Work required:
Could you write out the listing below again, exactly?

──────── Listed records ────────

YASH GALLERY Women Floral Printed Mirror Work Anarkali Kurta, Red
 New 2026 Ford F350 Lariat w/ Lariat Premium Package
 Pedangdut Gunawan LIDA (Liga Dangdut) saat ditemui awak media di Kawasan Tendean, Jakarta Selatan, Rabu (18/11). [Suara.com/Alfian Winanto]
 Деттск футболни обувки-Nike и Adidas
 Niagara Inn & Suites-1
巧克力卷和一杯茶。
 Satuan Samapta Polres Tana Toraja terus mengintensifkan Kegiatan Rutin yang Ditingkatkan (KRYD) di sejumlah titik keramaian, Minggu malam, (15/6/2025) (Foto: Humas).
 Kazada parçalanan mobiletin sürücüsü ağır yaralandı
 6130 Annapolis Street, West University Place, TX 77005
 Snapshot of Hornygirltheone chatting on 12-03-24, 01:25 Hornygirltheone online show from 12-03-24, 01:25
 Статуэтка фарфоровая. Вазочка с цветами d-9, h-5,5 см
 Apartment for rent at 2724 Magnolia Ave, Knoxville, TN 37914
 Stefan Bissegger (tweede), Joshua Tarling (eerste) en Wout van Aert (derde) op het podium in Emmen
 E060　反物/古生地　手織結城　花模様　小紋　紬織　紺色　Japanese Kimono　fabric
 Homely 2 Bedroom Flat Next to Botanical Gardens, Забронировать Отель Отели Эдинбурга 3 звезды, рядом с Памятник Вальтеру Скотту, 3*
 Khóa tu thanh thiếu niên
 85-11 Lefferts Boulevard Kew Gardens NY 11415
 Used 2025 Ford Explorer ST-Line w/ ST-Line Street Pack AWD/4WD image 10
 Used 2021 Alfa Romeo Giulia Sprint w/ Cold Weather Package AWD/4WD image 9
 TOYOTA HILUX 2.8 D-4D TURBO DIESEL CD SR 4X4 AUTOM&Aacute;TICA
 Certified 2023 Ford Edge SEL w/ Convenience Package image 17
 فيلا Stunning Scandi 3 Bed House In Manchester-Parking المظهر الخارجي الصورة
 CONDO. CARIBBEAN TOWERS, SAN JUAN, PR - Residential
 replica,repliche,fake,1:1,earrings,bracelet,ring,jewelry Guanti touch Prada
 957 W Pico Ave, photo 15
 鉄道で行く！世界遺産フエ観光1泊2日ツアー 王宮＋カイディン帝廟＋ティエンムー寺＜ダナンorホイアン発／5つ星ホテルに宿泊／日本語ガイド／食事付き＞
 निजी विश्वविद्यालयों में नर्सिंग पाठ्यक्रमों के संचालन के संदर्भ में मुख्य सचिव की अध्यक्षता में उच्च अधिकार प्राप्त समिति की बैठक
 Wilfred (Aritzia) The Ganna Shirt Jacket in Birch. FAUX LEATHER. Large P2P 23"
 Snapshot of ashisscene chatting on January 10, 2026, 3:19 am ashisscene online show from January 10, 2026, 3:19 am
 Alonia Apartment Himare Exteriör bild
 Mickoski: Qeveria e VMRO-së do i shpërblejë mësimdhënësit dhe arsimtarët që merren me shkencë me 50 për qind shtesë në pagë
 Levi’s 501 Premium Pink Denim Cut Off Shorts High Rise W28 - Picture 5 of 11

────────

Response to this exercise:
YASH GALLERY Women Floral Printed Mirror Work Anarkali Kurta, Red
 New 2026 Ford F350 Lariat w/ Lariat Premium Package
 Pedangdut Gunawan LIDA (Liga Dangdut) saat ditemui awak media di Kawasan Tendean, Jakarta Selatan, Rabu (18/11). [Suara.com/Alfian Winanto]
 Деттск футболни обувки-Nike и Adidas
 Niagara Inn & Suites-1
巧克力卷和一杯茶。
 Satuan Samapta Polres Tana Toraja terus mengintensifkan Kegiatan Rutin yang Ditingkatkan (KRYD) di sejumlah titik keramaian, Minggu malam, (15/6/2025) (Foto: Humas).
 Kazada parçalanan mobiletin sürücüsü ağır yaralandı
 6130 Annapolis Street, West University Place, TX 77005
 Snapshot of Hornygirltheone chatting on 12-03-24, 01:25 Hornygirltheone online show from 12-03-24, 01:25
 Статуэтка фарфоровая. Вазочка с цветами d-9, h-5,5 см
 Apartment for rent at 2724 Magnolia Ave, Knoxville, TN 37914
 Stefan Bissegger (tweede), Joshua Tarling (eerste) en Wout van Aert (derde) op het podium in Emmen
 E060　反物/古生地　手織結城　花模様　小紋　紬織　紺色　Japanese Kimono　fabric
 Homely 2 Bedroom Flat Next to Botanical Gardens, Забронировать Отель Отели Эдинбурга 3 звезды, рядом с Памятник Вальтеру Скотту, 3*
 Khóa tu thanh thiếu niên
 85-11 Lefferts Boulevard Kew Gardens NY 11415
 Used 2025 Ford Explorer ST-Line w/ ST-Line Street Pack AWD/4WD image 10
 Used 2021 Alfa Romeo Giulia Sprint w/ Cold Weather Package AWD/4WD image 9
 TOYOTA HILUX 2.8 D-4D TURBO DIESEL CD SR 4X4 AUTOM&Aacute;TICA
 Certified 2023 Ford Edge SEL w/ Convenience Package image 17
 فيلا Stunning Scandi 3 Bed House In Manchester-Parking المظهر الخارجي الصورة
 CONDO. CARIBBEAN TOWERS, SAN JUAN, PR - Residential
 replica,repliche,fake,1:1,earrings,bracelet,ring,jewelry Guanti touch Prada
 957 W Pico Ave, photo 15
 鉄道で行く！世界遺産フエ観光1泊2日ツアー 王宮＋カイディン帝廟＋ティエンムー寺＜ダナンorホイアン発／5つ星ホテルに宿泊／日本語ガイド／食事付き＞
 निजी विश्वविद्यालयों में नर्सिंग पाठ्यक्रमों के संचालन के संदर्भ में मुख्य सचिव की अध्यक्षता में उच्च अधिकार प्राप्त समिति की बैठक
 Wilfred (Aritzia) The Ganna Shirt Jacket in Birch. FAUX LEATHER. Large P2P 23"
 Snapshot of ashisscene chatting on January 10, 2026, 3:19 am ashisscene online show from January 10, 2026, 3:19 am
 Alonia Apartment Himare Exteriör bild
 Mickoski: Qeveria e VMRO-së do i shpërblejë mësimdhënësit dhe arsimtarët që merren me shkencë me 50 për qind shtesë në pagë
 Levi’s 501 Premium Pink Denim Cut Off Shorts High Rise W28 - Picture 5 of 11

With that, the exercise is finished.